A case in which the US Supreme Court established the Imminent Lawless Action standard. The Supreme Court overturned KKK leader, Clarence Brandenburg's conviction of one to ten years in prison and a fine of $1000 sentenced by the Court of Common Pleas of Hamilton County. The Court ruled that hate speech is protected under First Amendment rights as long as it does not incite violence. This ruling established the modern doctrine of clear and present danger which determines what limits may be placed on First Amendment freedoms. Only speech that directly incites lawless action may be restricted.

==Intellectual freedom and librarianship==

The profession of librarianship views intellectual freedom as a core responsibility. The International Federation of Library Associations and Institutions' (IFLA) Statement on Libraries and Intellectual Freedom "calls upon libraries and library staff to adhere to the principles of intellectual freedom, uninhibited access to information and freedom of expression and to recognize the privacy of library user." IFLA urges its members to actively promote the acceptance and realization of intellectual freedom principles. IFLA states: "The right to know is a requirement for freedom of thought and conscience; freedom of thought and freedom of expression are necessary conditions for freedom of access to information."

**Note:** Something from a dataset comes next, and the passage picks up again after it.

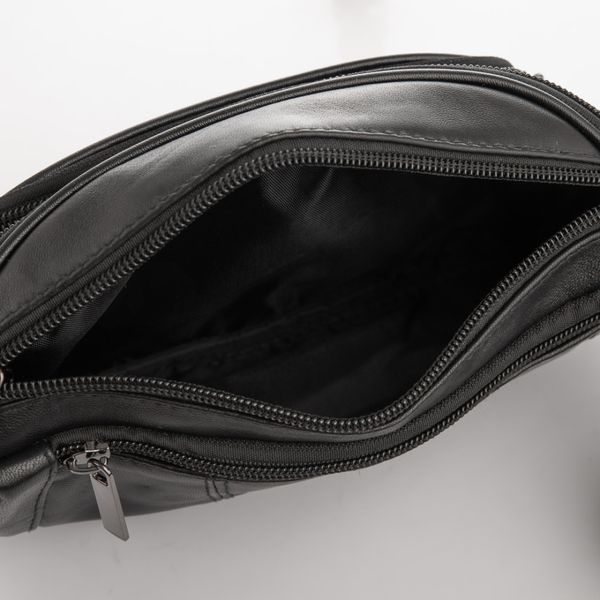 Мужская поясная кожаная черная сумка Buffalo Bags M8879A-s M8879A-s фото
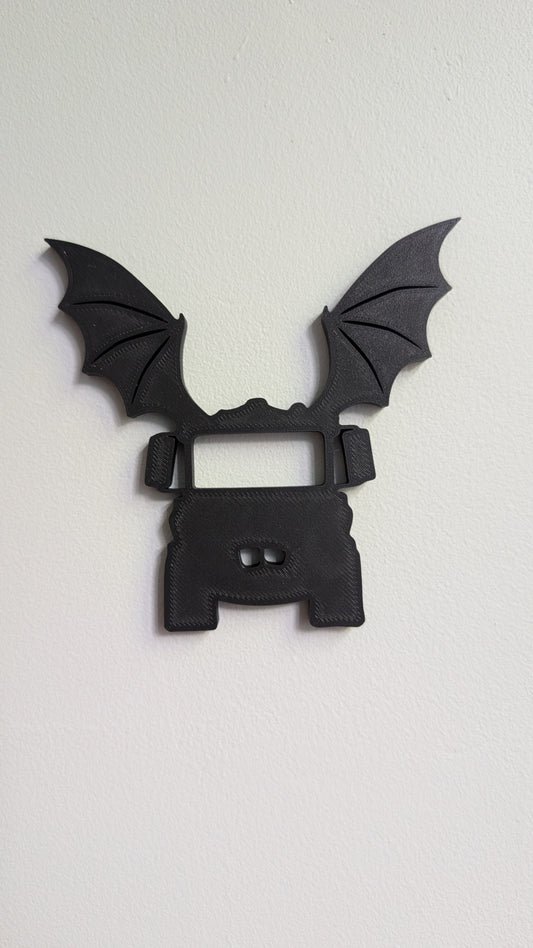 Bat Wings Mater Small Wall Sign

Individual national library associations expand upon these principles when defining intellectual freedom for their constituents. For example, the American Library Association defines intellectual freedom as: "[T]he right of every individual to both seek and receive information from all points of view without restriction. It provides for free access to all expressions of ideas through which any and all sides of a question, cause or movement may be explored. .... Intellectual freedom encompasses the freedom to hold, receive and disseminate ideas."

The Canadian Library Association's Position Statement on Intellectual Freedom states that all persons possess "the fundamental right ... to have access to all expressions of knowledge, creativity and intellectual activity, and to express their thoughts publicly." This right was enshrined into law in 2004 in British Columbia, which grants protection against litigation for libraries for their holdings.

Many other national library associations have similarly adopted statements on intellectual freedom.

The ALA's Office for Intellectual Freedom organizes the relationship between librarianship and intellectual freedom into five distinct categories:
- The library user's access to information through a library collection
- The librarian's professional responsibilities to select a diverse collection of library materials for users and protect library users' confidentiality and rights to privacy in their use of library materials
- The librarian's personal rights to free expression and choices of lifestyle and public participation without professional repercussion
- The library's institutional role as an agent of social change, democracy, and education
- The issue of advocacy v. neutrality for libraries and librarians
Libraries protect, defend, and advocate for intellectual freedom through a variety of organizations and resources.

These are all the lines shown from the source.